▶

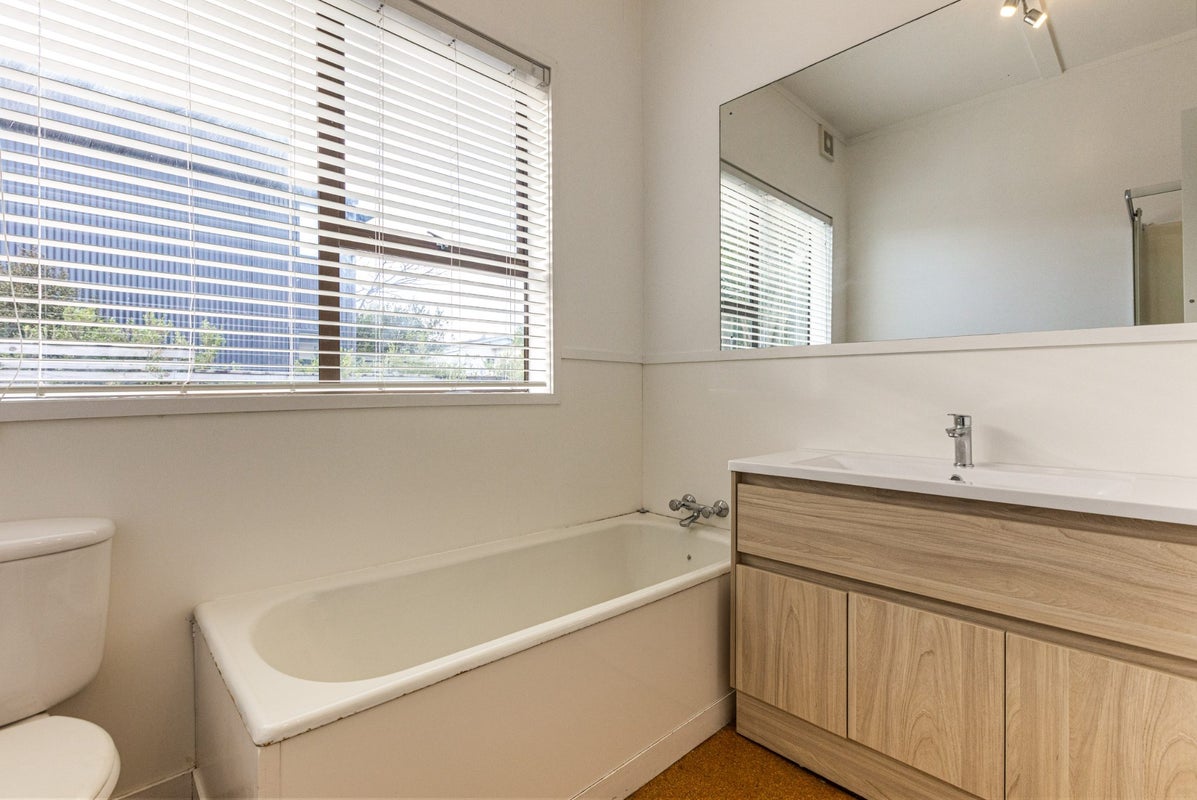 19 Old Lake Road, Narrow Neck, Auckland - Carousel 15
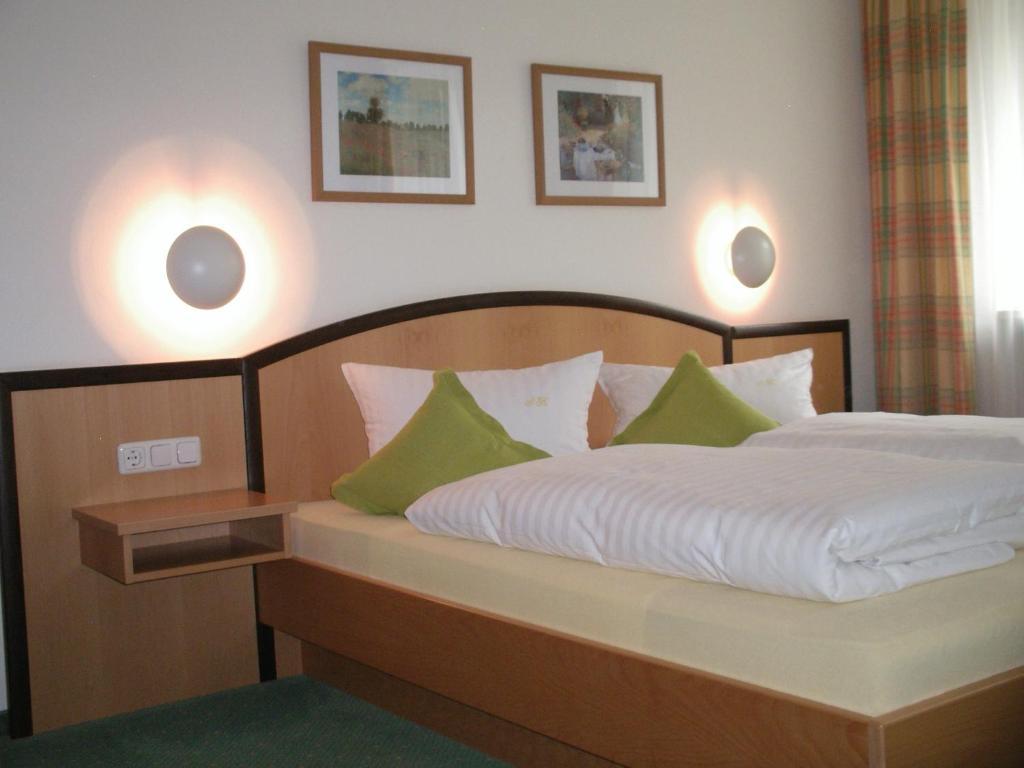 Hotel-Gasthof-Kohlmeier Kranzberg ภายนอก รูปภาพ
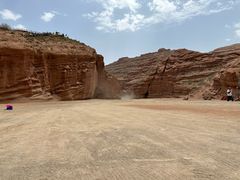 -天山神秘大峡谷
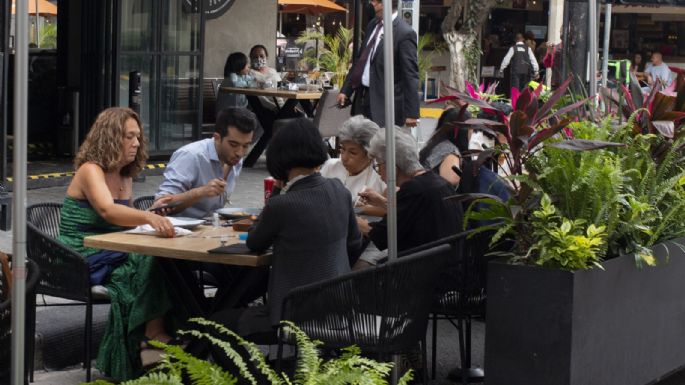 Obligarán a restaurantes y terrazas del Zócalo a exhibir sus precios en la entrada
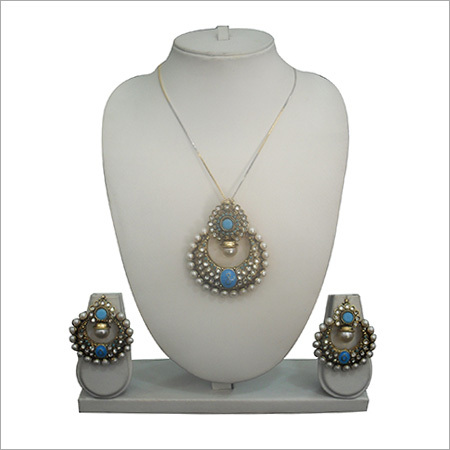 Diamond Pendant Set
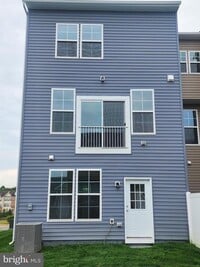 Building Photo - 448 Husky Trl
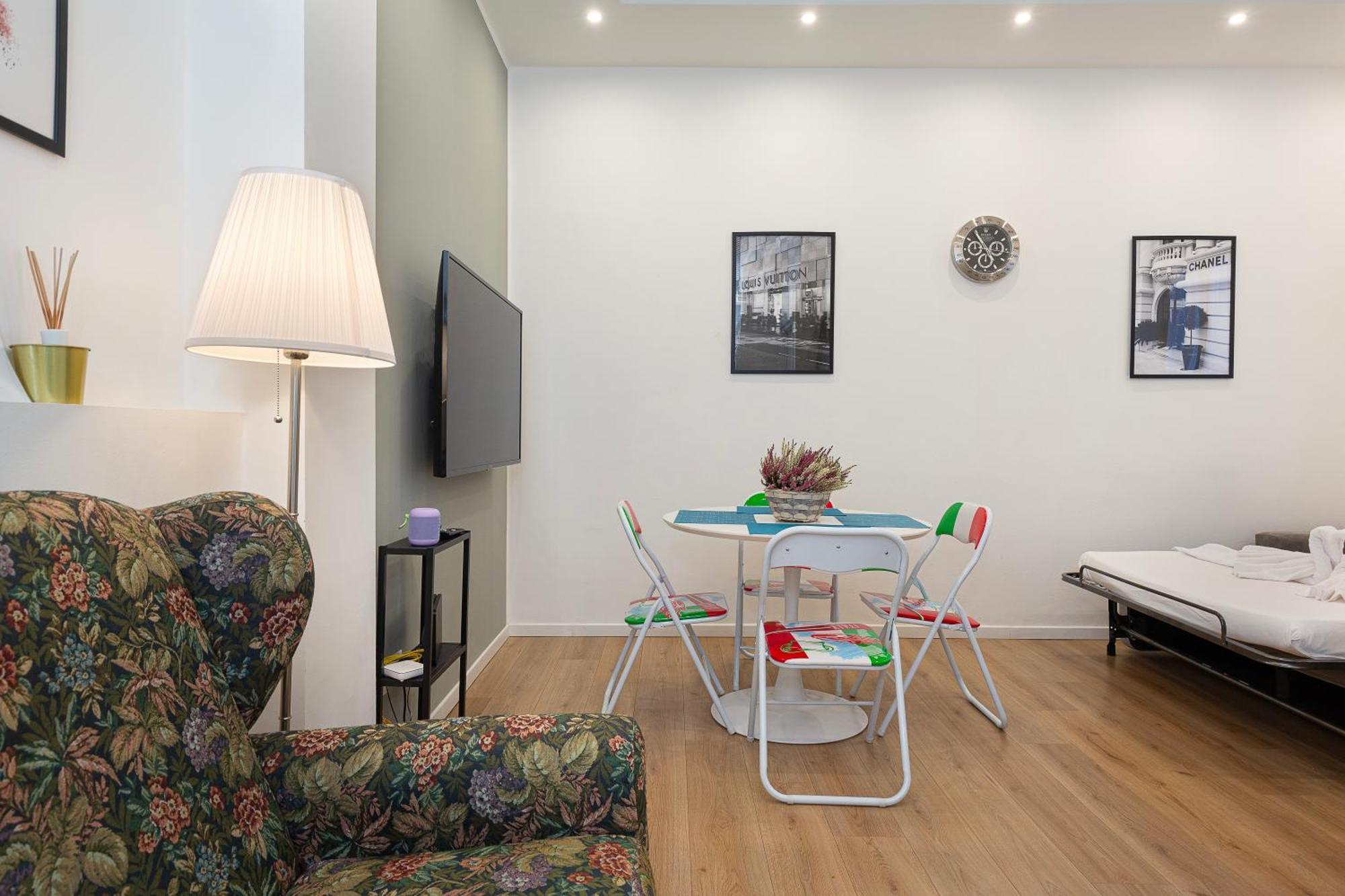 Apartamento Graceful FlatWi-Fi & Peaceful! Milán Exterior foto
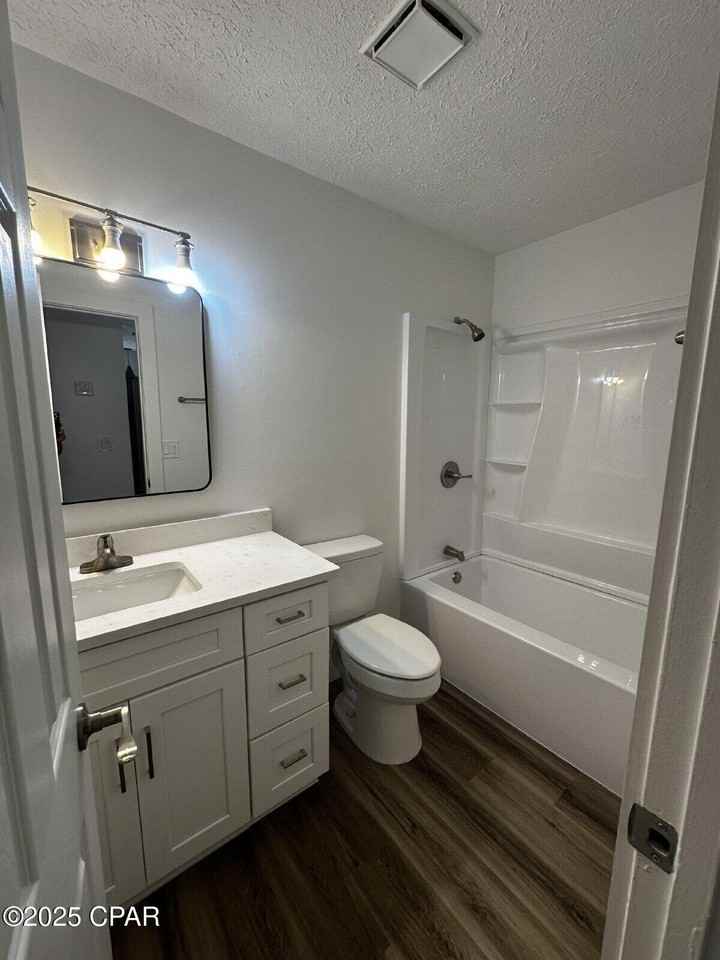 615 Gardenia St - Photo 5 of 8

◀

Give back an exact repeat of the lines from the top of the data through the line that holds "Apartamento Graceful FlatWi-Fi", both included, and omit pictures.

#### [RESULT OF THE EXERCISE]
 19 Old Lake Road, Narrow Neck, Auckland - Carousel 15
 Hotel-Gasthof-Kohlmeier Kranzberg ภายนอก รูปภาพ
 -天山神秘大峡谷
 Obligarán a restaurantes y terrazas del Zócalo a exhibir sus precios en la entrada
 Diamond Pendant Set
 Building Photo - 448 Husky Trl
 Apartamento Graceful FlatWi-Fi & Peaceful! Milán Exterior foto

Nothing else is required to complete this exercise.